Horizon also supports training on offline data (Batch RL).
Discrete-Action DQN Workflow
cp ml/rl/workflow/sample_datasets/discrete_action/cartpole_training_data.json.gz ~
cp ml/rl/workflow/sample_datasets/discrete_action/state_features_norm.json.gz ~
gunzip ~/cartpole_training_data.json.gz ~/state_features_norm.json.gz
python ml/rl/workflow/dqn_workflow.py -p ml/rl/workflow/sample_configs/discrete_action/dqn_example.json
Parametric-Action DQN Workflow
cp ml/rl/workflow/sample_datasets/parametric_action/cartpole_training_data.json.gz ~
cp ml/rl/workflow/sample_datasets/parametric_action/state_features_norm.json.gz ~
cp ml/rl/workflow/sample_datasets/parametric_action/action_norm.json.gz
gunzip ~/cartpole_training_data.json.gz ~/state_features_norm.json.gz ~/action_norm.json.gz
python ml/rl/workflow/parametric_dqn_workflow.py -p ml/rl/workflow/sample_configs/parametric_action/parametric_dqn_example.json
DDPG Workflow
cp ml/rl/workflow/sample_datasets/continuous_action/pendulum_training_data.json.gz ~
cp ml/rl/workflow/sample_datasets/continuous_action/state_features_norm.json.gz ~
cp ml/rl/workflow/sample_datasets/continuous_action/action_norm.json.gz ~
gunzip ~/pendulum_training_data.json.gz ~/state_features_norm.json.gz ~/action_norm.json.gz
python ml/rl/workflow/ddpg_workflow.py -p ml/rl/workflow/sample_configs/continuous_action/ddpg_example.json
For DQN training, we expect the input data to have the following schema:
<TODO: add schema>
An example data set with this schema is given in ml/rl/workflow/sample_datasets/discrete_action/cartpole_pre_timeline.json.gz.
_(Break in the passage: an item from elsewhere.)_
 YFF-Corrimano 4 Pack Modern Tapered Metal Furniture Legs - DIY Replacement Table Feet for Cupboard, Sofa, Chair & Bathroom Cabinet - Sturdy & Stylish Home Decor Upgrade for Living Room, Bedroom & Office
To train a DQN model on this data set we do the following:
Copy and unzip example dataset:
mkdir cartpole_discrete
cp ml/rl/workflow/sample_datasets/discrete_action/cartpole_pre_timeline.json.gz cartpole_discrete/
gunzip cartpole_discrete/cartpole_pre_timeline.json.gz
Models are trained on consecutive pairs of state/action tuples. To assist in creating this table, we have an RLTimelineOperator spark operator. Build and run the timeline operator on the data. Make sure that you have java (not openjdk that sometimes is shipped with linux) & scala installed:
mvn -f preprocessing/pom.xml package
Next, download spark if you don't already have it:
wget http://www-eu.apache.org/dist/spark/spark-2.3.1/spark-2.3.1-bin-hadoop2.7.tgz
tar xvf spark-2.3.1-bin-hadoop2.7.tgz
mv spark-2.3.1-bin-hadoop2.7 /usr/local/spark
Now run the timeline operator on the training data directory to generate the training data:
/usr/local/spark/bin/spark-submit --class com.facebook.spark.rl.Preprocessor preprocessing/target/rl-preprocessing-1.1.jar "cat ml/rl/workflow/sample_configs/discrete_action/timeline.json"
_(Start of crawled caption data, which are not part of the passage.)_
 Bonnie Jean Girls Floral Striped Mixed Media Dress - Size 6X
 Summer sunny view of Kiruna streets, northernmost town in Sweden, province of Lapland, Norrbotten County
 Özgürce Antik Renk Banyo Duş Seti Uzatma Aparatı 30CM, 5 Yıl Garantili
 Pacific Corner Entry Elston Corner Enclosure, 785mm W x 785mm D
This will create a directory cartpole_discrete_training_data that contains the (sharded) post timeline data. An example of this data is given in ml/rl/workflow/sample_datasets/discrete_action/cartpole_training_data.json.gz. We will use this example to train our DQN model.
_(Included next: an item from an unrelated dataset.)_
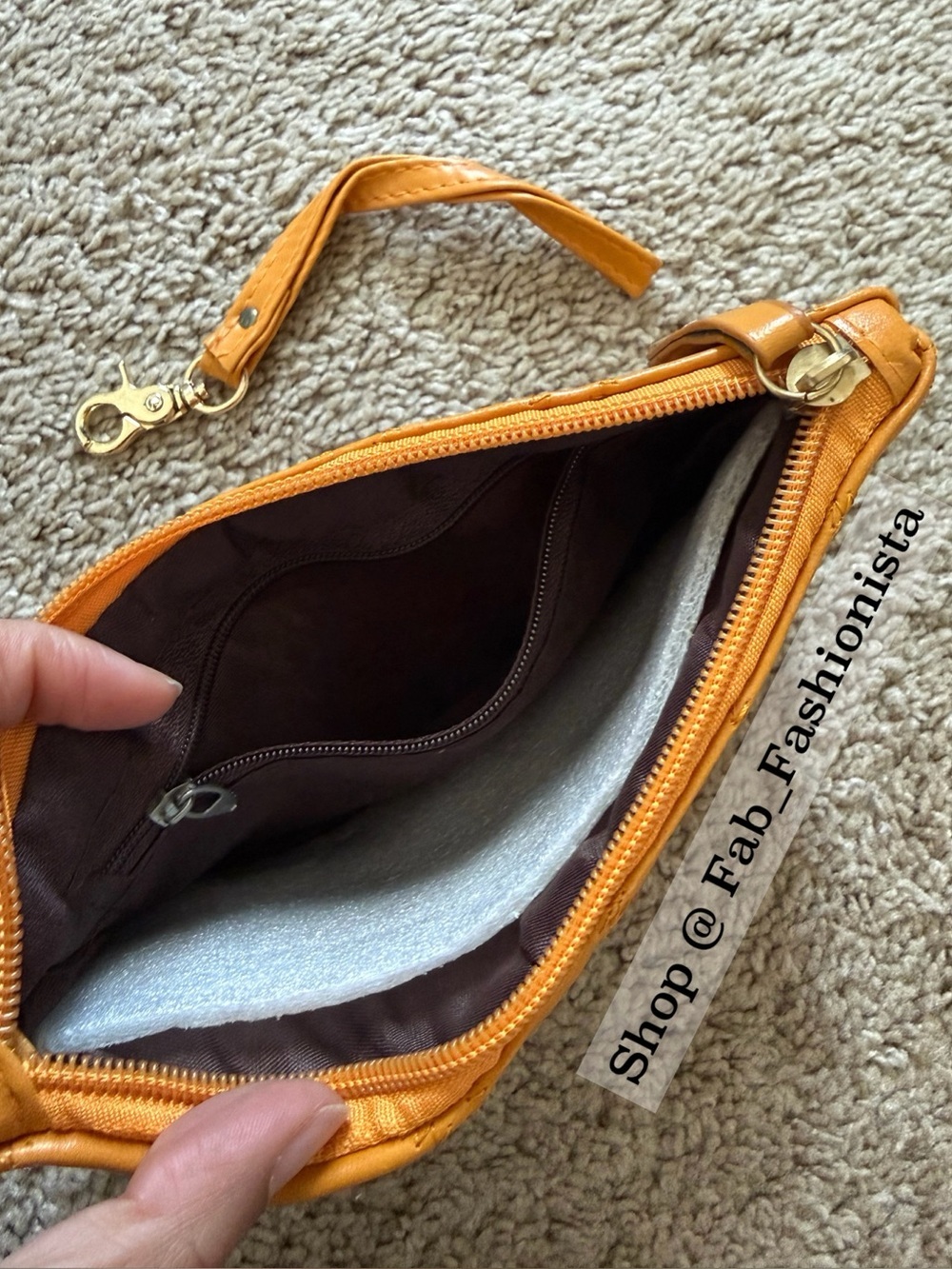 Quilted Mustard Wristlet Clutch - Picture 4 of 8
cp ml/rl/workflow/sample_datasets/discrete_action/cartpole_training_data.json.gz ~/
gunzip ~/cartpole_training_data.json.gz
Next, we will create our normalization meta-data based off of the features in the training data. We run a one-time normalization workflow that analyzes the dataset and determines the best normalization parameters.
python ml/rl/workflow/create_normalization_metadata.py -p ml/rl/workflow/sample_configs/discrete_action/dqn_example.json
This will create a file that contains our feature normalization meta-data at the path specified in dqn_example.json. Next we can run the DQN training workflow as follows:
python ml/rl/workflow/dqn_workflow.py -p ml/rl/workflow/sample_configs/discrete_action/dqn_example.json
This command trains the DQN model on the training data ~/cartpole_training_data using the normalization parameters ~/state_features_norm.json.
Upon completion of training two models are ouput to file. We output a snaphot of the PyTorch trainer object - a python object that holds all objects necessary to resume training (neural nets, optimizers, etc.) and a caffe2 model which can be used in production for inference across many devices. See test_read_c2_model_from_file in ml/rl/test/workflow/test_oss_workflows.py for an example of how to use the outputted caffe2 model in Python.